For Immediate Release
Chicago, IL – January 23, 2019– Stocks in this week’s article include Mallinckrodt Public Limited Co. (MNK - Free Report) , Dell Technologies Inc. (DELL - Free Report) , American Axle & Manufacturing Holdings, Inc. (AXL - Free Report) , Magna International Inc. (MGA - Free Report) and General Motors Co. (GM - Free Report) . Kevin Matras screens for companies showing their 'first' profit and explains why they are ones to watch.
Screen of the Week written by Kevin Matras of Zacks Investment Research:
Promising Price-to-Book Value Stocks with Solid Prospects
Among valuation metrics, price-to-earnings (P/E) and price-to-sales (P/S) are more commonly used for stock selection. This is because calculations based on earnings and to some extent sales are easy and come in handy. However, the price-to-book ratio (P/B ratio) has emerged as a convenient tool for identifying low-priced stocks with high-growth prospects.
The P/B ratio is used to calculate how much an investor needs to pay for each dollar of book value of a stock. It is calculated by dividing the current closing price of the stock by the latest quarter's book value per share.
P/B ratio = market capitalization/book value of equity
What is Book Value?
There are several ways by which book value can be defined. Book value is the total value that would be left over, according to the company’s balance sheet, if it goes bankrupt immediately. In other words, this is what shareholders would theoretically receive if a company liquidates all its assets after paying off its liabilities.

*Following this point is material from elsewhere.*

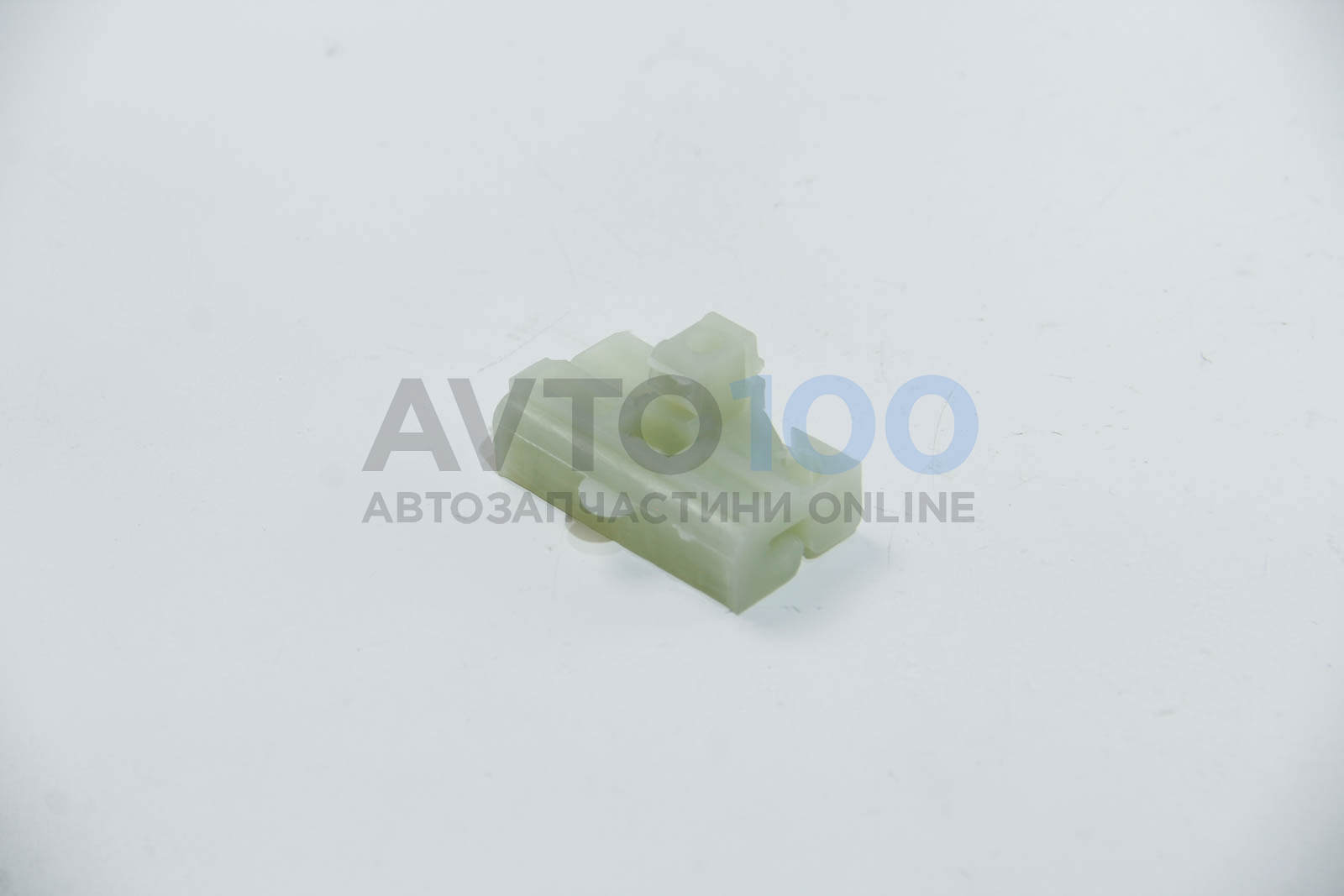 1007222 Autotechteile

It is calculated by subtracting total liabilities from the total assets of a company. In most cases, this equates to the common stockholders’ equity on the balance sheet. However, depending on the company’s balance sheet, intangible assets should also be subtracted from the total assets to determine book value.
Understanding P/B Ratio
By comparing the book value of equity to its market price, we get an idea of whether a company is under- or overpriced. However, like P/E or P/S ratio, it is always better to compare P/B ratios within industries.
A P/B ratio less than one means that the stock is trading at less than its book value, or the stock is undervalued and therefore a good buy. Conversely, a stock with a ratio greater than one can be interpreted as being overvalued or relatively expensive.
For example, a stock with a P/B ratio of 2 means that we pay $2 for every $1 of book value. Thus, the higher the P/B, the more expensive the stock.
But there is a caveat. A P/B ratio less than one can also mean that the company is earning weak or even negative returns on its assets, or that the assets are overstated, in which case the stock should be shunned because it may be destroying shareholder value. Conversely, the stock’s price may be significantly high — thereby pushing the P/B ratio to more than one — in the likely case that it has become a takeover target, a good enough reason to own the stock.
Moreover, the P/B ratio isn't without limitations. It is useful for businesses — like finance, investments, insurance and banking or manufacturing companies — with many liquid/tangible assets on the books. However, it can be misleading for firms with significant R&D expenditure, high debt, service companies or those with negative earnings.
In any case, the ratio is not particularly relevant as a standalone number. One should analyze other ratios like P/E, P/S and debt to equity before arriving at a reasonable investment decision.